→ Your goal
Output only the entries, exactly as given, without the pictures.

→ Entries provided
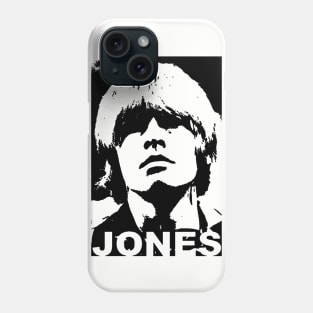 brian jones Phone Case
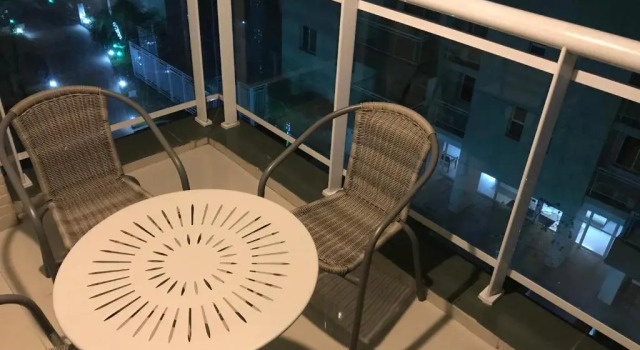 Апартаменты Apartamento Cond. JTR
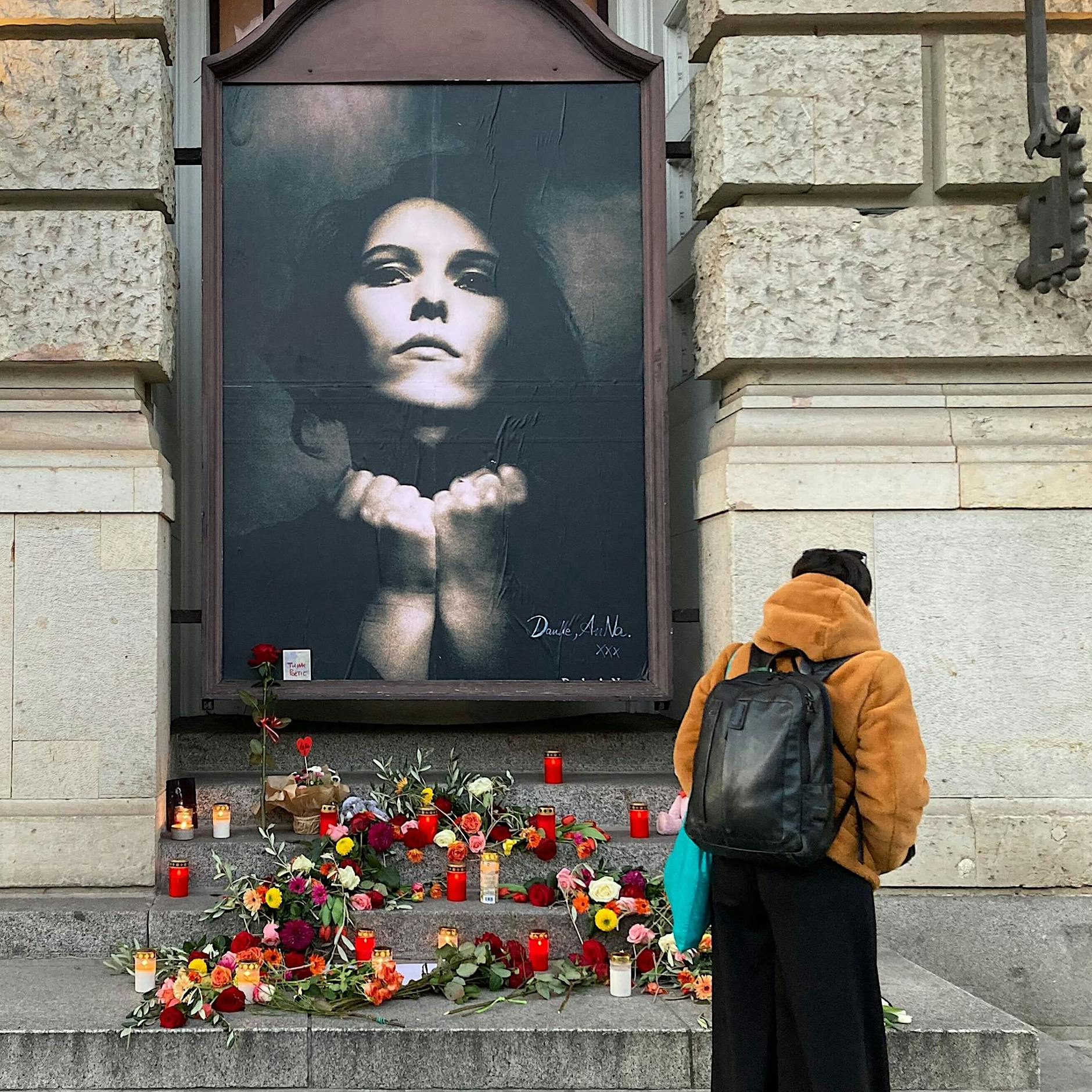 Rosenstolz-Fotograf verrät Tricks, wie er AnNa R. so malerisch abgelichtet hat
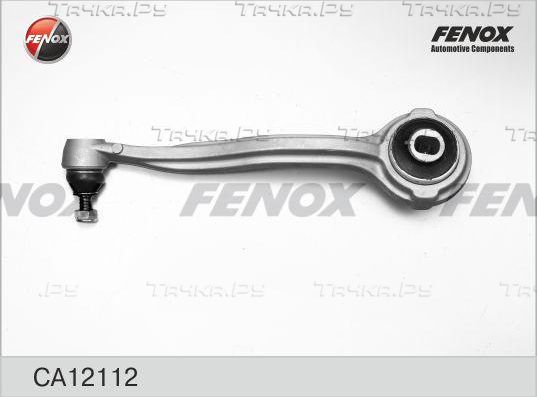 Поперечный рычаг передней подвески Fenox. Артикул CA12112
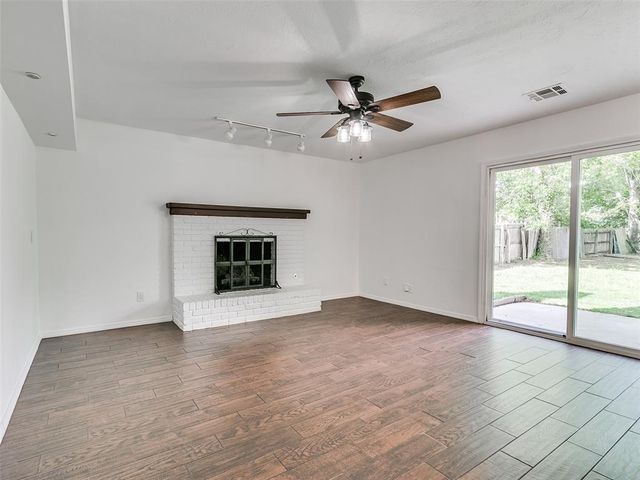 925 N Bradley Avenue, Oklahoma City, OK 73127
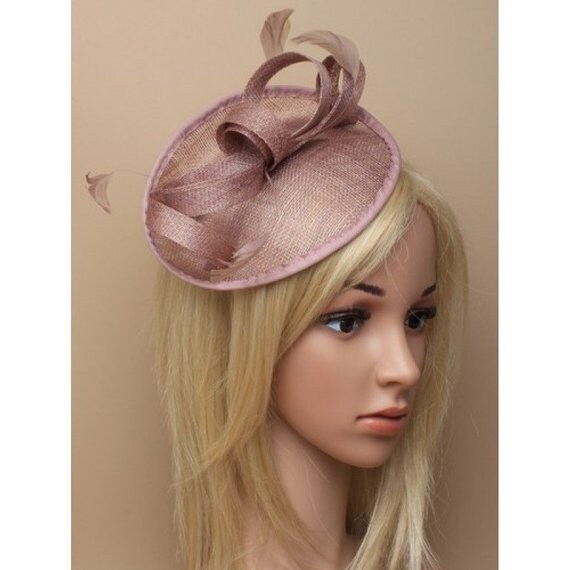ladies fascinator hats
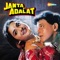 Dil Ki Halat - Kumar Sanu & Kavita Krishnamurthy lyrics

→ Output for this exercise
 brian jones Phone Case
 Апартаменты Apartamento Cond. JTR
 Rosenstolz-Fotograf verrät Tricks, wie er AnNa R. so malerisch abgelichtet hat
 Поперечный рычаг передней подвески Fenox. Артикул CA12112
 925 N Bradley Avenue, Oklahoma City, OK 73127
ladies fascinator hats
 Dil Ki Halat - Kumar Sanu & Kavita Krishnamurthy lyrics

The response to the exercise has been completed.